Le spectacle imaginé par Bernard Pisani pour Les Pêcheurs de perles a été créé à Limoges au printemps 2018, en coproduction avec les Opéras de Reims et Nice, où il a été montré depuis. Sa reprise à l’Opéra de Toulon est un plaisir renouvelé. La mise en scène est à la fois simple et lisible, tout en visant au dépaysement vers l’île de Ceylan du livret, dans un orientalisme coloré et naïf où les personnages évoluent pieds nus dans des costumes aux tons jaune, orange ou rouge.

Situées de part et d’autre du plateau, des vagues géantes se déplacent transversalement, tandis qu’un disque au fond passe du jaune au blanc suivant l’ambiance diurne ou nocturne. Les lumières de Nathalie Perrier sont très suggestives, ainsi que la scénographie d’Alexandre Heyraud et les costumes de Jérôme Bourdin. Sur la plage, des coquillages sont portés en boucle d’oreille par Nadir et en collier par Zurga, Leïla fait son entrée en scène juchée au sommet d’une vague, puis à l’acte II les ruines du temple sont évoquées par une grande statue de Shiva au fond, ainsi que par les poses acrobatiques de cinq danseurs au lever de rideau… Le public, assez bon enfant, ne peut pas se retenir d'applaudir !
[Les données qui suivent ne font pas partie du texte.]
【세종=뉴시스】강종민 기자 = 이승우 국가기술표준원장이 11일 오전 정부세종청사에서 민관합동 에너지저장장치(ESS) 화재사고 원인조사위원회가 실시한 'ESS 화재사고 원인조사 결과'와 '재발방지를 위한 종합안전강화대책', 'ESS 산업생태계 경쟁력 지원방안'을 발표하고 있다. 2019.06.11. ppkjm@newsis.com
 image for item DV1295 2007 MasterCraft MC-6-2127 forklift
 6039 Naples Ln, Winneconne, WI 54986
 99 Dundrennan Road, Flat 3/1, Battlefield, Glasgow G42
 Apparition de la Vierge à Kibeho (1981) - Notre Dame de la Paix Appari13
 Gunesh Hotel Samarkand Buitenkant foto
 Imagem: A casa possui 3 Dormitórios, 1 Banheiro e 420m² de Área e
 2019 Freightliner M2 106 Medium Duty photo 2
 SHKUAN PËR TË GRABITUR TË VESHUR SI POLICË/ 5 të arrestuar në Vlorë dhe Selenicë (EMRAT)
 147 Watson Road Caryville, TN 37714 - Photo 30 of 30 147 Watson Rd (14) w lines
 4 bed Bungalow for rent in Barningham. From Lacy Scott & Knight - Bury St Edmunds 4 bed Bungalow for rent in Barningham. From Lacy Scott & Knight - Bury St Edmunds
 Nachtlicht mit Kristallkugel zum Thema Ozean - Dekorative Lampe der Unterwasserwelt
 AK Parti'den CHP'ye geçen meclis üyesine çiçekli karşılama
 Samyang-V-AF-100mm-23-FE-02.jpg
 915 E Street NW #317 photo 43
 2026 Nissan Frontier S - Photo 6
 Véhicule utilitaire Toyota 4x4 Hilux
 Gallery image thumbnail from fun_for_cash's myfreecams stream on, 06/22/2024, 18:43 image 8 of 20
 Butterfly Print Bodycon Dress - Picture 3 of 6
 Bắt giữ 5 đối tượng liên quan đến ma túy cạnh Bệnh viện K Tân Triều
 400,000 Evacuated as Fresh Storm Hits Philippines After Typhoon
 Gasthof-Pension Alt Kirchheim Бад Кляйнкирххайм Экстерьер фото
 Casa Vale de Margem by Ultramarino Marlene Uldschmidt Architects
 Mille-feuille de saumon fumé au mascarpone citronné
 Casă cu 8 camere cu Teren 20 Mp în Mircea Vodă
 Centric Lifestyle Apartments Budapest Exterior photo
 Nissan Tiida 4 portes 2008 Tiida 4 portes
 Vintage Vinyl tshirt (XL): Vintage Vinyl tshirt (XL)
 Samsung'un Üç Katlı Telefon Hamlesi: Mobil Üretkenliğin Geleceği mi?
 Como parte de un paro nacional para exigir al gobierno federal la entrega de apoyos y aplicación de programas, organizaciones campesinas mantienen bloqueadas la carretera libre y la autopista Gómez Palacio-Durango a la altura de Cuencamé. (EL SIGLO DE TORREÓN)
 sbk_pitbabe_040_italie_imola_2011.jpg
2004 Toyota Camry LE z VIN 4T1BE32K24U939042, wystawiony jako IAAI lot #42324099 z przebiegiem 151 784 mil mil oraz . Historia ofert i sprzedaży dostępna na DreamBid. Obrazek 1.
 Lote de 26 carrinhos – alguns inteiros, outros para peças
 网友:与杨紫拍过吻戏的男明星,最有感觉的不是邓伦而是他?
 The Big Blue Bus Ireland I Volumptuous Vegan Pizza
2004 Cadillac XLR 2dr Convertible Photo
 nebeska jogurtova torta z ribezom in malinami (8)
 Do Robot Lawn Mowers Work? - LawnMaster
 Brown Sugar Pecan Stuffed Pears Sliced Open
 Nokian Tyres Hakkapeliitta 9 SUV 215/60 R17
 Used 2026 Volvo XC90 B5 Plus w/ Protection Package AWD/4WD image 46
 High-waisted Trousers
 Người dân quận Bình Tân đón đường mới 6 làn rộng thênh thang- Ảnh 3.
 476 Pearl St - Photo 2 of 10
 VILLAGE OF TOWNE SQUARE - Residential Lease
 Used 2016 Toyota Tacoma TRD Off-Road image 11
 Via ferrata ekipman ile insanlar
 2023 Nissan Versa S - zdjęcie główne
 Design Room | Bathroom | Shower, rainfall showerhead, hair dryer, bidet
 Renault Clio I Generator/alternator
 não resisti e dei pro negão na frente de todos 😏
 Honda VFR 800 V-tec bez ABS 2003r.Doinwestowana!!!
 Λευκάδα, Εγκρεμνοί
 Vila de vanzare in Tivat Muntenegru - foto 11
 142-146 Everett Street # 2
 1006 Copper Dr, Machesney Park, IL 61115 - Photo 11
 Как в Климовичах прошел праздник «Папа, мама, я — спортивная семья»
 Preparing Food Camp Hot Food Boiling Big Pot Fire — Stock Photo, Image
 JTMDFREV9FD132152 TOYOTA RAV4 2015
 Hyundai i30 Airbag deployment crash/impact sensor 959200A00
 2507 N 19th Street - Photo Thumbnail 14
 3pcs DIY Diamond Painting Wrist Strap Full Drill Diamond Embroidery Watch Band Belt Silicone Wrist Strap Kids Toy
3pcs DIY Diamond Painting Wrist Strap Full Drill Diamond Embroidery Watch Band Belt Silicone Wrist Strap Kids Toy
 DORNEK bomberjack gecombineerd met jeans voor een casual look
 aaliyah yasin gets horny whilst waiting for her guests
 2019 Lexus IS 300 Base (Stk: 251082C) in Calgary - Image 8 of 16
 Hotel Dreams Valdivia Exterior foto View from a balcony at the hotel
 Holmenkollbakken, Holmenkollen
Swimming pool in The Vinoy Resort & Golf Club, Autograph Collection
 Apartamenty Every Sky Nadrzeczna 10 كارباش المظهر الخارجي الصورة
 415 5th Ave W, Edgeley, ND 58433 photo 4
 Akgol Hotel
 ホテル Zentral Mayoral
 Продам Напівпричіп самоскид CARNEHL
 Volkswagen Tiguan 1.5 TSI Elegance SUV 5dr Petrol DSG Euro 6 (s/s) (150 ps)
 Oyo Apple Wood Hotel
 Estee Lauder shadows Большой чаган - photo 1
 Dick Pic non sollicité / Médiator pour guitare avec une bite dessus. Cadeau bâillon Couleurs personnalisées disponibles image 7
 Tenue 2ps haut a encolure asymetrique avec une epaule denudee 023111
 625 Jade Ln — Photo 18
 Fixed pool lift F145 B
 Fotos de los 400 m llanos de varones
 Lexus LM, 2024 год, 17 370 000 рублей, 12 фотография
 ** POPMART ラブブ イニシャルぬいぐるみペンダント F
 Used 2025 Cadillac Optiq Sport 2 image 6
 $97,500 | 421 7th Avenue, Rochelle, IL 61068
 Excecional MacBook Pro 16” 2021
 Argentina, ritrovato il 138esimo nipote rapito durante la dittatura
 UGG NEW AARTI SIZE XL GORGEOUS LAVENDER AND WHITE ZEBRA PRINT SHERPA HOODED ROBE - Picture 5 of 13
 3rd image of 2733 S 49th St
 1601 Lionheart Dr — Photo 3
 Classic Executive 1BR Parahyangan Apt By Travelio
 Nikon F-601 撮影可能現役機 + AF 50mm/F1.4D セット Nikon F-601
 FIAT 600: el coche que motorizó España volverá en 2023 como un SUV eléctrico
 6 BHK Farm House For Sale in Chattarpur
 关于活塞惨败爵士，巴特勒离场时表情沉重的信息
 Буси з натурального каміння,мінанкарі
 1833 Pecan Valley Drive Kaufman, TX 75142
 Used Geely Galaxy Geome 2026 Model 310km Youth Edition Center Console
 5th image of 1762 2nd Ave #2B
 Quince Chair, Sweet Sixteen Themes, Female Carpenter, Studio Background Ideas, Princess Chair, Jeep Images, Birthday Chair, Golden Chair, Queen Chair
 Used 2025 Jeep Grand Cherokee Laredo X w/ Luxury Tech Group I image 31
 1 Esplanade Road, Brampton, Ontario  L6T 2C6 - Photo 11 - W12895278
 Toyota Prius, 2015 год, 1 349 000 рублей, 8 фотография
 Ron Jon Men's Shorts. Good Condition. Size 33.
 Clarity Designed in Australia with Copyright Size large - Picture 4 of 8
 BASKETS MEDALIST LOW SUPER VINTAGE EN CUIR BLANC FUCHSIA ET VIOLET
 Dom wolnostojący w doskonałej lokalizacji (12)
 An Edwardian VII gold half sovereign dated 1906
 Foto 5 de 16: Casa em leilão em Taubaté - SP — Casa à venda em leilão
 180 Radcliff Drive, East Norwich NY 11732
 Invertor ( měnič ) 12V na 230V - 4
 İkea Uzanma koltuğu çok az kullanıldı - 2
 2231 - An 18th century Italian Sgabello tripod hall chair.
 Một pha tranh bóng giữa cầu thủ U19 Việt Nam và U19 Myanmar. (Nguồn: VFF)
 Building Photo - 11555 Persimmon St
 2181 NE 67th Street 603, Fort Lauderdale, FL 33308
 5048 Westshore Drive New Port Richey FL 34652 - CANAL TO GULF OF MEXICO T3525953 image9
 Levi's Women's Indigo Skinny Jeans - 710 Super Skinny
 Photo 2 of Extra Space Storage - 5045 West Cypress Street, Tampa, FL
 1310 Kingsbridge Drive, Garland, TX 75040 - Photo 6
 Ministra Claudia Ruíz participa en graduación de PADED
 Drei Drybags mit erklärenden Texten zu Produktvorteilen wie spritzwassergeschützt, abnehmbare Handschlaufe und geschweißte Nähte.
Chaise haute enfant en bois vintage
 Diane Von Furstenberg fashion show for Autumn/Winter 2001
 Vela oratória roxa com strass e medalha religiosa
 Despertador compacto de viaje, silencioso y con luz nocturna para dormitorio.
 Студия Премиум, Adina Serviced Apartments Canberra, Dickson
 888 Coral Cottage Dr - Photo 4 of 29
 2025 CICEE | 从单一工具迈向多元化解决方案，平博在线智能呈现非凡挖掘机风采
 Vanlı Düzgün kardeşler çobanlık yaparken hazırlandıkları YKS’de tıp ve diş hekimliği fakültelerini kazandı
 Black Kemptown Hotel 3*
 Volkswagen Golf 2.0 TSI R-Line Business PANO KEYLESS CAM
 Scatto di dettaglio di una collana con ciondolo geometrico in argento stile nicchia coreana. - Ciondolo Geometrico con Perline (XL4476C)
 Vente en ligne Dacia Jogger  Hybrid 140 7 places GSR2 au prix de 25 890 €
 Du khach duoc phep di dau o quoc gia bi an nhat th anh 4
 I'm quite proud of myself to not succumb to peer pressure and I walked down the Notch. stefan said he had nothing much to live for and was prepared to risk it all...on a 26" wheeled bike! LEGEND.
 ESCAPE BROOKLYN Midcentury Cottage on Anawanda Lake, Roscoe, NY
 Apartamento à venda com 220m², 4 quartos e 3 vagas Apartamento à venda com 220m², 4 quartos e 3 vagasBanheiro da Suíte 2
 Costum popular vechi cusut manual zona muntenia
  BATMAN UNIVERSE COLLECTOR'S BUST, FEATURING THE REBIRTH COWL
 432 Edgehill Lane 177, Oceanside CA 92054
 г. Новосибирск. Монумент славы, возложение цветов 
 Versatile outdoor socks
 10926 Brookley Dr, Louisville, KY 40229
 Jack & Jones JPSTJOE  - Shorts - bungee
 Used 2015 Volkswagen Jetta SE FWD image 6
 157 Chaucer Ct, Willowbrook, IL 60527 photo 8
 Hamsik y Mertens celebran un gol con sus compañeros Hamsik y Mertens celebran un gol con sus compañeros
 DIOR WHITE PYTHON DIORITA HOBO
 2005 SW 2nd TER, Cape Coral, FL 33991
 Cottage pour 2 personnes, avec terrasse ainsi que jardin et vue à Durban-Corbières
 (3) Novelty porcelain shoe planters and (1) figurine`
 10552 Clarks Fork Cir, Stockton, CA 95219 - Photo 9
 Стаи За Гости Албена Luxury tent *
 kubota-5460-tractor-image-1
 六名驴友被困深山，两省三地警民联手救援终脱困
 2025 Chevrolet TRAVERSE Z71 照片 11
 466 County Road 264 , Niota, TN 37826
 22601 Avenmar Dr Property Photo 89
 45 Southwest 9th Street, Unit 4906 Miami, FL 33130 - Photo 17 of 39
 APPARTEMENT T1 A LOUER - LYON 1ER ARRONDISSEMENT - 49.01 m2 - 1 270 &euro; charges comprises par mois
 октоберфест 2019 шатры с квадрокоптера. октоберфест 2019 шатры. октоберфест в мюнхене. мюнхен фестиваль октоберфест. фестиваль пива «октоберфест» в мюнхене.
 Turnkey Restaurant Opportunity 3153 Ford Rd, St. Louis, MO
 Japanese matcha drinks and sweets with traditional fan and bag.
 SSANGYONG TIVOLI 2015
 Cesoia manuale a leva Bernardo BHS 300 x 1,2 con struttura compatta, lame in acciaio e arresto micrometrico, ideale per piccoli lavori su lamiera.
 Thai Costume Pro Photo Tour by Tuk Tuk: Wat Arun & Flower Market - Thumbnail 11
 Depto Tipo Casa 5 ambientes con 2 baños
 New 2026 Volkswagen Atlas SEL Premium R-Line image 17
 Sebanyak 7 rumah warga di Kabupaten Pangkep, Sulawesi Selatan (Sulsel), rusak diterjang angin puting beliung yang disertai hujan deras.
La distribution vocale aligne des pépites, en premier lieu les deux rôles masculins principaux. On attendait avec gourmandise le ténor Reinoud Van Mechelen dans Nadir, ce rôle le faisant sortir de son répertoire baroque habituel, où le chanteur est d’ailleurs souvent annoncé en tessiture de haute-contre. Le grave et le médium sont d’abord très consistants, puis la ligne de chant très soignée dans l’aigu, comme au cours de son air élégiaque « Je crois entendre encore ». L’instrument s’allège par moments, mais les passages en voix mixte ou de tête sont finalement plutôt rares, Nadir restant ce soir un ténor à l’émission traditionnelle.

On est aussi très heureux d’entendre le baryton Jérôme Boutillier en Zurga, enfin un magnifique emploi d’importance pour lui. Le grain vocal est d’une belle noblesse, richement timbré et le style d’une élégance rare ; seules les notes les plus aiguës semblent fragiles et doivent être soit négociées avec prudence, soit évitées. Les deux voix de ténor et baryton sont en tout cas superbement appariées, ceci dès leur premier duo « Au fond du temple saint ».

La soprano Anaïs Constans dessine une Leïla à la voix ample, plus large certainement que ce qu’on peut entendre d’ordinaire pour ce personnage. Le timbre n’en est pas moins charmant et coloré, d'une agréable rondeur et d'une agilité appréciable, prise uniquement en défaut d’intonation sur les dernières petites notes piquées de son grand air en fin de premier acte « Ô Dieu Brahma ! ». L’interprète montre beaucoup d’engagement dans ses duos, aussi bien avec Nadir (« Leïla ! Dieu puissant », acte II) qu’avec Zurga (« Je frémis, je chancelle », acte III), donnant une couleur davantage lyrique à ces passages, et motivant ses partenaires à rivaliser à pleine voix avec elle. Le quatrième protagoniste est le baryton-basse Jacques-Greg Belobo qui incarne un Nourabad d’une voix bien placée, à l’autorité naturelle.

Le chef Robert Tuohy et l’Orchestre de l’Opéra de Toulon magnifient la partition de Bizet. La direction variée souligne finement ses accents orientalistes, avec des instrumentistes délicats lorsqu’il le faut, comme l’accompagnement à la flûte et harpe du duo « Au fond du temple saint ». Les chœurs de l’Opéra de Toulon constituent malheureusement le gros point faible de la soirée, dans un ouvrage où ils sont souvent sollicités. Le son manque cruellement d’homogénéité et de séduction, chez les femmes en particulier où on entend certaines voix pointues désolidarisées et au vibrato marqué. C’est un peu moins flagrant lorsque les choristes chantent depuis les coulisses, mais leur prestation reste globalement de qualité insuffisante en comparaison du niveau général de la représentation.